Being the oldest in a big Catholic family had its perks. New clothes instead of the hand-me-downs my younger sisters received. It had its cons, too.

As the oldest, I had to help my mother with my younger siblings as they came along. It seems there was always a baby in a stroller that needed a walk. I fed toddlers and learned how to change diapers. And as I got older, I had to babysit. A lot.

Fiend Without a Face

I also was the first of the nine children to gain certain privileges.

WKBW Channel 7, in Buffalo, NY, had a Fright Night each week.

The late show at 11:30 pm. My dad frequently stayed up to watch it. Much later on, I realized this had probably been his “alone” time, with everyone else in the house asleep. He worked hard all week at Hooker Chemical on Grand Island to support his family.

 I had begged my dad for quite a while to let me stay up and watch it, too. And finally one Friday night, sometime in the early 60’s, my dad said I was old enough to watch Fright Night with him.

Talk about excitement. I watched with smug satisfaction as all the other kids went to bed, some protesting that they wanted to watch the movie, too. But they weren’t old enough yet, of course.

The evening hours passed so slowly I almost fell asleep.

And then, at 11:29 pm, the familiar voice of Irv Weinstein announced “Stay tuned for our Friday Night feature.”

Oh, boy. My dad stretched out on the carpet, leaning against the hassock with a cold beer in hand. I perched on the couch with a bowl of popcorn and a Pepsi.

Fiend Without a Face.

I will never forget the name of that film I saw that night. It’s been stuck in my memory for years.

Fiend Without a Face

Here’s the official synopsis:

A scientist on an air base in Canada experiments with the materialization of thought waves, but things get wildly out of control when his own dark thoughts take the form of floating killer brains.

Floating killer brains. Yikes. I didn’t know what I was in for. At first, the brains are invisible as they go around feeding on people and stealing their spinal cords at an Air Force base.

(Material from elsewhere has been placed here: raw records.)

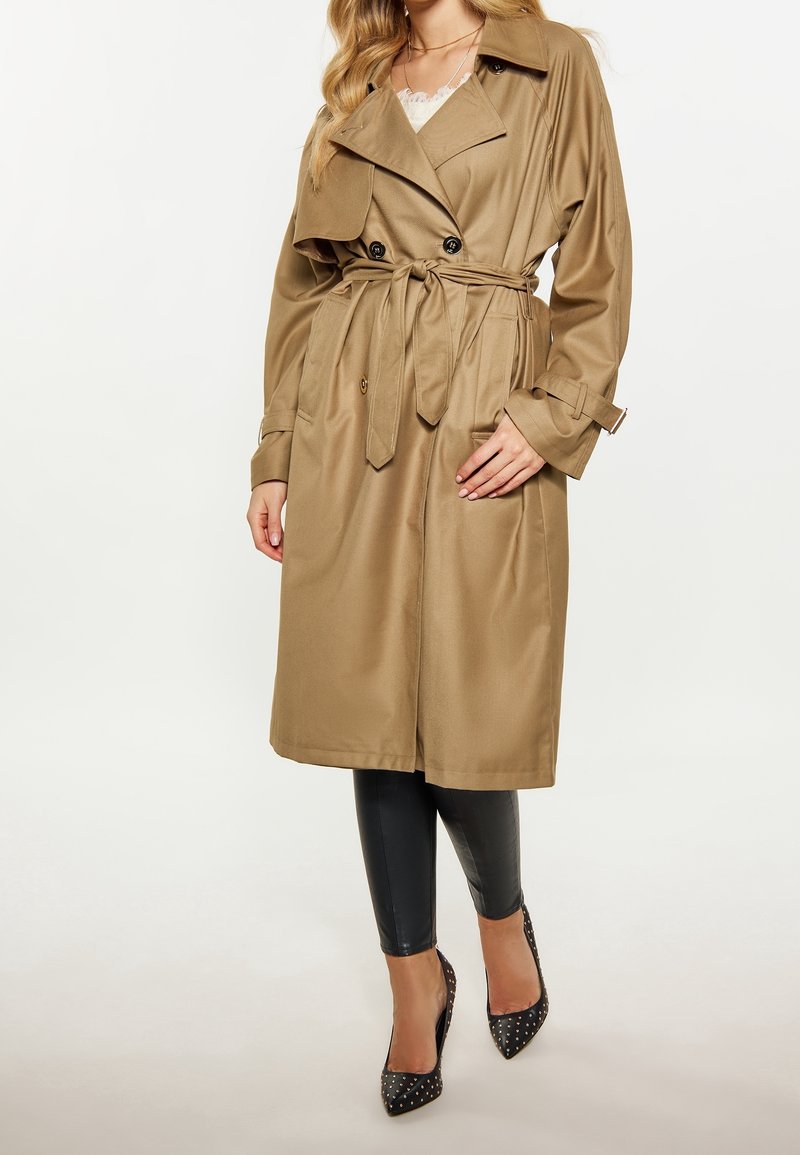 Femme portant un trench-coat beige ceinturé sur des leggings noirs et des talons hauts noirs cloutés, debout devant un fond blanc uni.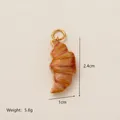 Realistic 3D croissant food charm pendant with precise dimensions and weight info - Croissant Pendant (YKXS26041265GK)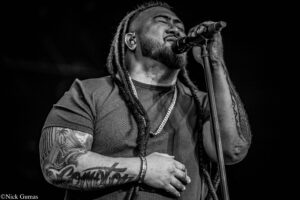 Male singer with dreadlocks singing into a microphone on stage, intense expression, tattoos visible on arms (black-and-white photo).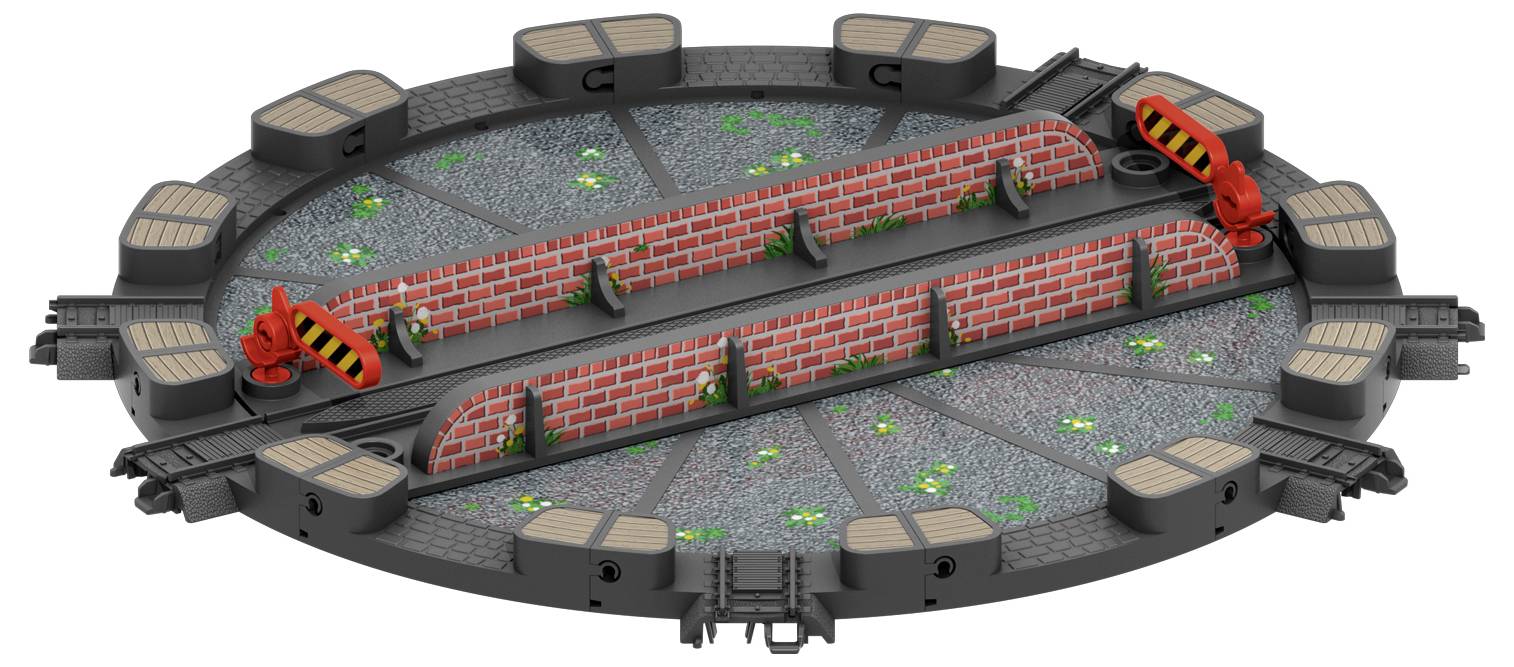 Okrągły model obrotowej platformy z trzema czerwonymi zaporami i torami. Platforma obrotowa spoczywa na szarym podłożu porośniętym roślinami.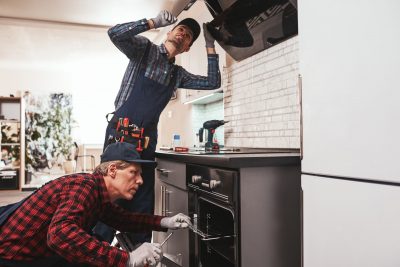 Two handymen installing a stove and vent hood appliance. Two handymen installing a stove and vent hood appliance.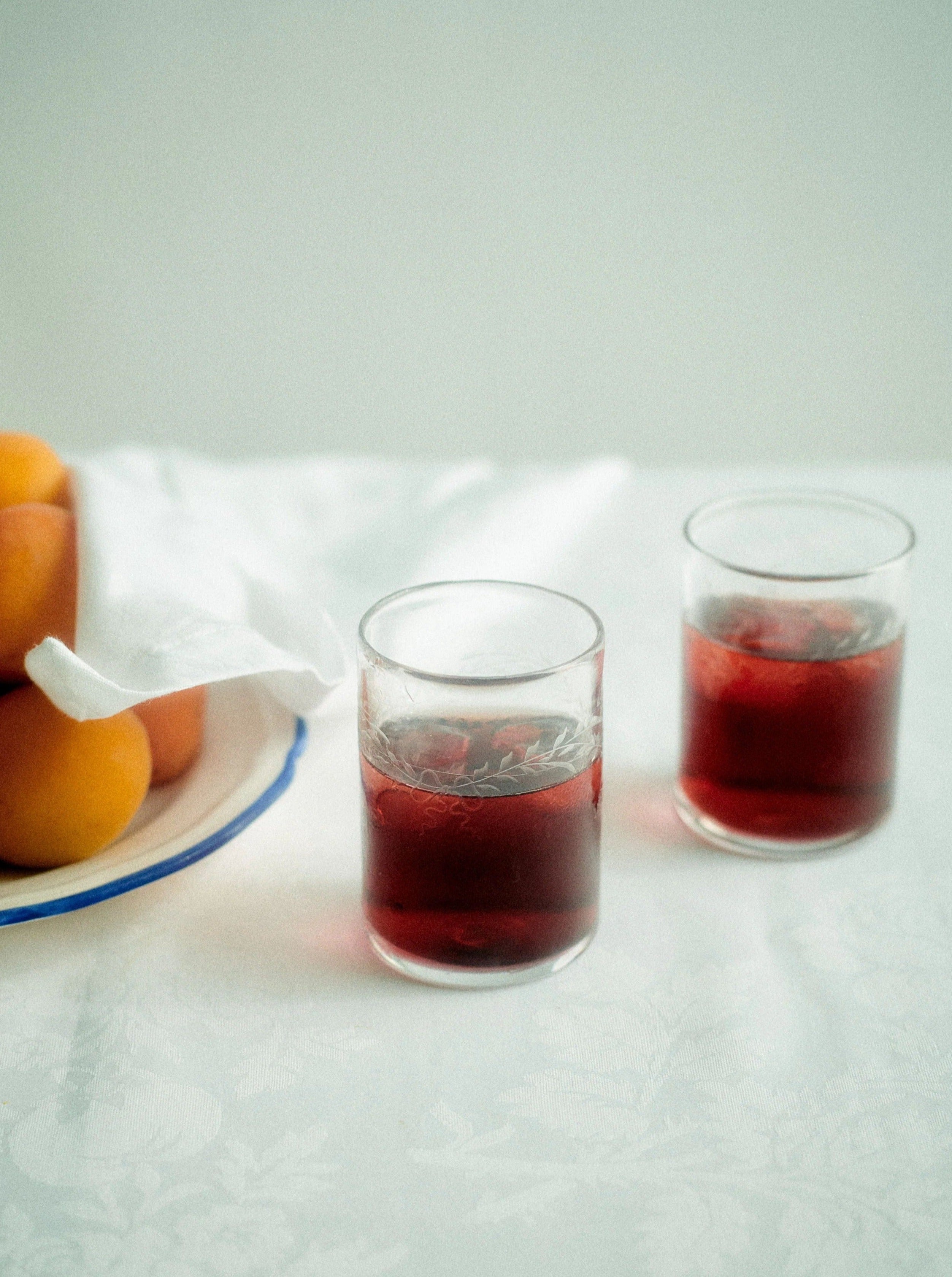 Two glasses of red drink in Barbro Water Glass - Set of four by Akua Objects on a lace-covered table with a bowl of oranges in the background, creating a serene and inviting scene.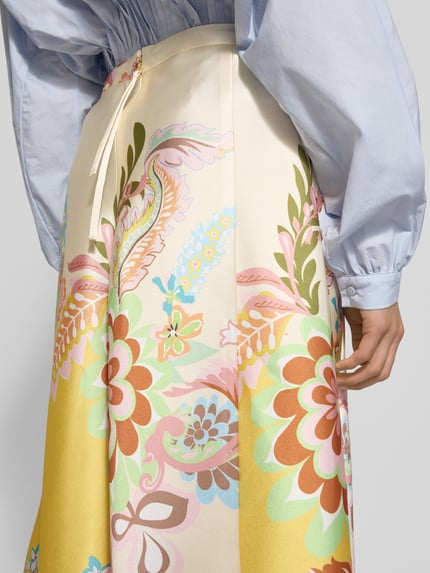 Frauenmodel trägt Midirock aus Satin im Allover-Look von HERZENS mit A-Linie, Teilungsnähte, florale Muster, Nahaufnahme Rückansicht.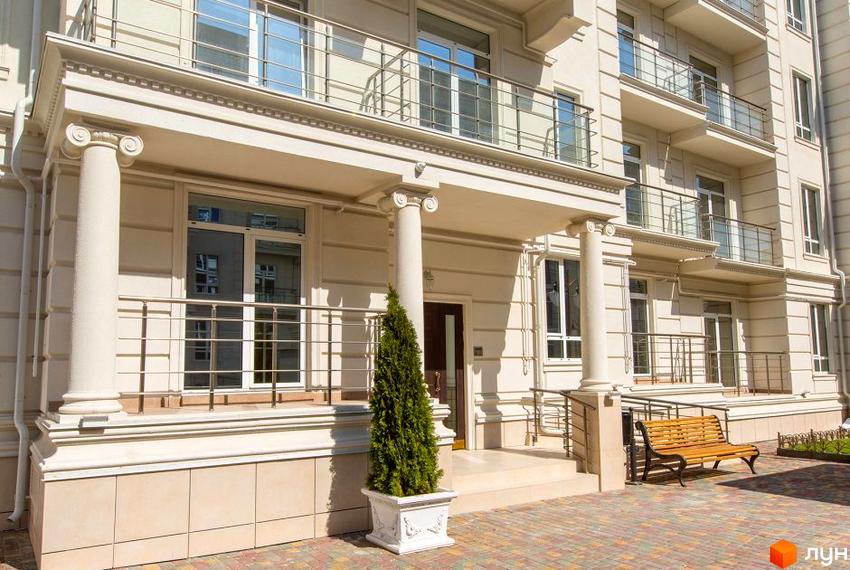 Фасад світлого будинку в Житловому комплексі Двадцять восьма перлина. На вході колони та зелена туя у вазоні, поруч лавка.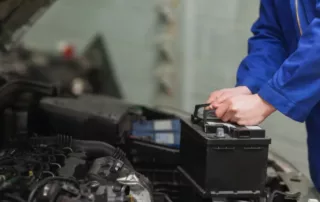 Mechanic replacing a car battery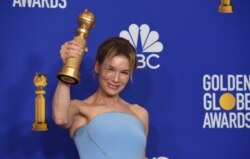 FILE - Renee Zellweger poses with the award for best performance by an actress in a motion picture drama for "Judy" at the 77th annual Golden Globe Awards at the Beverly Hilton Hotel, Jan. 5, 2020, in Beverly Hills, California.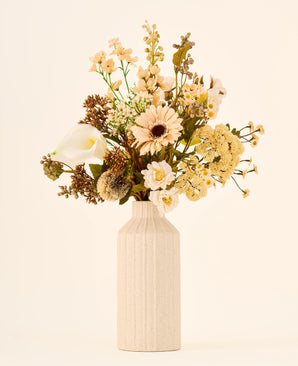Zijden kunstbloemenboeket Latte Macchiato met crèmekleurige, witte en bruine bloemen in een hoge, geribbelde, gebroken witte vaas.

I thought it was scary enough when the floating killer brains were invisible. But after some kind of nuclear radar power surge, they become visible. And what’s more, now they have tendrils and a pair of eyes at the end of stalks.

They can leap tall buildings in a single bound!

No, wait, that was Superman. But they slither with great speed and attack a house where survivors have gathered to regroup. Fortunately, the hero discovers that the brains are easy to kill with a bullet. When shot, they bleed horribly, jerking and quivering.

Finally the hero destroys the radar plant, depriving the fiends of their power source. And so the brains end up as piles of slime.

Sounds cheesy, I know. But it scared me to death. I made my dad walk me upstairs to my bedroom. It took a long time to fall asleep. Those floating killer brains haunted my dreams.

The following Friday, my dad asked me, with a smile, if I was going to stay up and watch that night’s Fright Night.

But I’d learned my lesson. I wasn’t ready to watch Fright Night again for a long time. Years later, as an adult, I saw Fiend Without a Face. As an adult, it wasn’t scary at all.

But today, watching WKBW’s Fright Night feature, Fiend Without a Face and its floating killer brains, is one of my most enduring memories.

I’d love to know if any of my TOT peeps had a similar experience!